**** DATASET SECTION ****

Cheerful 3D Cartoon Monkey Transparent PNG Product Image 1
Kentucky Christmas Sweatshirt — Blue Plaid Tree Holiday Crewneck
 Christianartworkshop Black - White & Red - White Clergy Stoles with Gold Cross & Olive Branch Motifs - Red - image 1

****

Reproduce only the lines running from the one with "Kentucky Christmas Sweatshirt" through the final line of the listing above, both ends included.

Kentucky Christmas Sweatshirt — Blue Plaid Tree Holiday Crewneck
 Christianartworkshop Black - White & Red - White Clergy Stoles with Gold Cross & Olive Branch Motifs - Red - image 1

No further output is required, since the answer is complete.